Środek lata. Piszą do mnie wierni czytelnicy. „Zaglądam i niczego nowego nie widzę”. Środek lata. Dobrze byłoby odpisać: „To chorwackie długie wybrzeże tak mnie wessało”. Albo: „Ach ta Majorka, teraz rozumiem, dlaczego tak urzekła Roberta Gravesa i innych”. A tu smutek rzeczywistości. Dwumiesięczna nieobecność na łamach spowodowana kolejną medyczną przypadłością. Tym razem tętniak aorty brzusznej, którego zdecydowałem się skasować metodą wszczepienia stent graftu, w klinice przy Francuskiej.
Ostatnie pobyty szpitalne ale i sanatoryjne pobudziły mnie do różnych refleksji. Kto nie pamięta „Czarodziejskiej Góry” i radcy Behrensa? Czy są jeszcze tacy? Spotkałem w Bornem Sulinowie, w ośrodku chorych na SM, kogoś podobnego. To dr Mariusz Kowalewski... Pozdrawiam cię, Mariuszu, lekarzu i miłośniku literatury. Lekarzu ciała i duszy. Powiecie, w sanatoriach, w ośrodkach rehabilitacji o to łatwiej. Więcej czasu, możliwy kontakt z pacjentem. Ale przecież nie wszędzie tak jest. Powiecie, sanatorium w „Czarodziejskiej Górze” to umieralnia. W takich okolicznościach wyzwala się ładunek empatii, o co trudno w zwyczajnych warunkach. Tak, ale...

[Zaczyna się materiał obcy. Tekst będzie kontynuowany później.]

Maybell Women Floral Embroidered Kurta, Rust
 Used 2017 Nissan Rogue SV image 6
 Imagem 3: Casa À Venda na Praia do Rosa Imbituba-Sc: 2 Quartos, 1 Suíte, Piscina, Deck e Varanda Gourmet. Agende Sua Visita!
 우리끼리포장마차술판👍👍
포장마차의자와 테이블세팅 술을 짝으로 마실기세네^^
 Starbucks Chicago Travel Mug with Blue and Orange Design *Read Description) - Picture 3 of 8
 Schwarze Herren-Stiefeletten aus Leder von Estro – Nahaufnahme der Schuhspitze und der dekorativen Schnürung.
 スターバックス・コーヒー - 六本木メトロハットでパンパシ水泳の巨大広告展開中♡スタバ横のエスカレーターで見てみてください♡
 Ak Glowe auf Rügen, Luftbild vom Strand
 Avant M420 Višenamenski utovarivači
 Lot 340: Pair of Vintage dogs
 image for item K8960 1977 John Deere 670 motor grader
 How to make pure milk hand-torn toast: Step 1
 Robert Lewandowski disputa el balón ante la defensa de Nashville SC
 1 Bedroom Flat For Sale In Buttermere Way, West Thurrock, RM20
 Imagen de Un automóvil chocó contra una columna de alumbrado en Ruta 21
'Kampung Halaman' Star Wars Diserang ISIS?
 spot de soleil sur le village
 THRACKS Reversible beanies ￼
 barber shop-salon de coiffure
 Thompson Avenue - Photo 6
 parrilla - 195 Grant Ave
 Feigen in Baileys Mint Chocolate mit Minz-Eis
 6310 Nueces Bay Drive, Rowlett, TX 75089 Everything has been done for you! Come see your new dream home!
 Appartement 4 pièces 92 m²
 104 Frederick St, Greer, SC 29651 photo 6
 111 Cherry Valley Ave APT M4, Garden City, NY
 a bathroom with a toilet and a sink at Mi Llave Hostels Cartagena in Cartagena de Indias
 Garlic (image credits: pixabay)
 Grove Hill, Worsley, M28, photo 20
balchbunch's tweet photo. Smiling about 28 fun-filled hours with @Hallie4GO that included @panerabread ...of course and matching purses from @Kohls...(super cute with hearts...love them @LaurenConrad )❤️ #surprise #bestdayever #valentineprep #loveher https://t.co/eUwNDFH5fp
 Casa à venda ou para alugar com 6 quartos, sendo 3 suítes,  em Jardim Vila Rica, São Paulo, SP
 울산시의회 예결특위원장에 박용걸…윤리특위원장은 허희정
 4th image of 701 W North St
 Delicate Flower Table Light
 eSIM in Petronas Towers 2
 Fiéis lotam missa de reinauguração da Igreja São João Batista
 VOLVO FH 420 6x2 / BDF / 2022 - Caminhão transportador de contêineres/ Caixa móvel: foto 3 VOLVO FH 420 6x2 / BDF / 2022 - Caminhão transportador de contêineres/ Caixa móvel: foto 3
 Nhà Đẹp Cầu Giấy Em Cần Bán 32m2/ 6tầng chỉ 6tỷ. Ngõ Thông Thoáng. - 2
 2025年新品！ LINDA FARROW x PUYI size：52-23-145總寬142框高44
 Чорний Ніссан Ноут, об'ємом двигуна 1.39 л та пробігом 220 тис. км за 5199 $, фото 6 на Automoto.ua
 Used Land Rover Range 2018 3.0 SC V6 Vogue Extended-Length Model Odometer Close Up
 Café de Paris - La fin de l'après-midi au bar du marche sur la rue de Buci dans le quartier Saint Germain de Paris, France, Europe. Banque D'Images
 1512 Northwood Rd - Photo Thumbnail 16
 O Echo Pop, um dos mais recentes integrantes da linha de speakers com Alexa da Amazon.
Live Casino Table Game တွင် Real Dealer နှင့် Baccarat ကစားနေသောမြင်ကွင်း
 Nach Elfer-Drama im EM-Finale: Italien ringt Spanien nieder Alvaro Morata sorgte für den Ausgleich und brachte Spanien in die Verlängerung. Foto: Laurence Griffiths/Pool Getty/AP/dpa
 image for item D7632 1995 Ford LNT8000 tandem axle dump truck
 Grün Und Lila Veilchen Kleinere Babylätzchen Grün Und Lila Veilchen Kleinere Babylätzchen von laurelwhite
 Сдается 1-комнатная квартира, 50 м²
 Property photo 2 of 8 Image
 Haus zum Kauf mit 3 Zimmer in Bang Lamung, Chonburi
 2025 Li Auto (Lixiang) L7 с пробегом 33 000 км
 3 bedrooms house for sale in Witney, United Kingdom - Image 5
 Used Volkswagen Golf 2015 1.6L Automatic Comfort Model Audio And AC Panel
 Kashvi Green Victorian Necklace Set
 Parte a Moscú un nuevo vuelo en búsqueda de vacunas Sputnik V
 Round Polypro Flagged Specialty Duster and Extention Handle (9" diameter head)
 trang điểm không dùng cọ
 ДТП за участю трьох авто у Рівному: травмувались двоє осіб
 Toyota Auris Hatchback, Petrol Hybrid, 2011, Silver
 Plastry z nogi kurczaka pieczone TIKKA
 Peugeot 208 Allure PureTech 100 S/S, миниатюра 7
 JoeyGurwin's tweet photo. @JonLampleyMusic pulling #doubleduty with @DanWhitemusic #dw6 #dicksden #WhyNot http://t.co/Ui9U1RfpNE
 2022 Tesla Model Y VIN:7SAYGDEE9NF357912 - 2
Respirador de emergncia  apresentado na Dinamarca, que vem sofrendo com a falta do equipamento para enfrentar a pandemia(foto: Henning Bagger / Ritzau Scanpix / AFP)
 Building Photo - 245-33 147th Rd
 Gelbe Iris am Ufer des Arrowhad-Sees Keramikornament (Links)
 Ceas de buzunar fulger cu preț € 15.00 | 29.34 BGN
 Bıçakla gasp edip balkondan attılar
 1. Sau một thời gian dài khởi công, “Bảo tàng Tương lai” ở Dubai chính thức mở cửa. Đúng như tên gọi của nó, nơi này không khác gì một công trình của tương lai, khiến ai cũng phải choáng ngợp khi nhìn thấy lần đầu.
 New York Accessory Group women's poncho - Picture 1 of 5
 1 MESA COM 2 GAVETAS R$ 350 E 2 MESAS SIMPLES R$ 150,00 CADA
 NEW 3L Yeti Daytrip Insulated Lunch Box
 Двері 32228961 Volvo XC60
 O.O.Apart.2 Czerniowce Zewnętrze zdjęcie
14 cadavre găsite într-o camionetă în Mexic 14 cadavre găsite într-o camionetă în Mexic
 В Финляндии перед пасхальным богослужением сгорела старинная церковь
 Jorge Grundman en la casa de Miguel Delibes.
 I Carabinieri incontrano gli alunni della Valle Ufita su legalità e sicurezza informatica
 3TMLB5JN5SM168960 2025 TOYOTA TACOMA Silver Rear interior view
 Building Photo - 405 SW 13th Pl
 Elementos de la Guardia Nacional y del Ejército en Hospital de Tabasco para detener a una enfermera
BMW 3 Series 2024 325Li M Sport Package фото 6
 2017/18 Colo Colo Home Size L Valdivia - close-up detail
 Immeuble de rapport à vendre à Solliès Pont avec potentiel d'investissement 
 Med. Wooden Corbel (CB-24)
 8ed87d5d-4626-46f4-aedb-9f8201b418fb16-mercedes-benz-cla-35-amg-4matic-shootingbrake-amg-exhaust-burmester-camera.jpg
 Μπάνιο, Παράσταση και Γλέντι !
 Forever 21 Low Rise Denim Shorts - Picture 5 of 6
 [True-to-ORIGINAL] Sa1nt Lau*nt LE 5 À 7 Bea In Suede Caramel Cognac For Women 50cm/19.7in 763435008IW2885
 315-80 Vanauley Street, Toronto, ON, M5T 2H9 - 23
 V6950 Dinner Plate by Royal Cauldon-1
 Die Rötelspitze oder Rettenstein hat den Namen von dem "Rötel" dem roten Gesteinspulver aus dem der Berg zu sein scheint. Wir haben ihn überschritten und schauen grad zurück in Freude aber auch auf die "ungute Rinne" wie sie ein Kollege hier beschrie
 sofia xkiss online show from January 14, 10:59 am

Poszperajmy w literaturze (bo chyba nie w serialach). Szpital, sanatorium to miejsca, gdzie można zogniskować świat cały. „Oddział chorych na raka” Sołżenicyna. „Szpital przemienienia” Lema, „Kuracja” Jacka Głębskiego.
Lepiej jednak czytać niż chorować. To banał, którego się trzymajmy.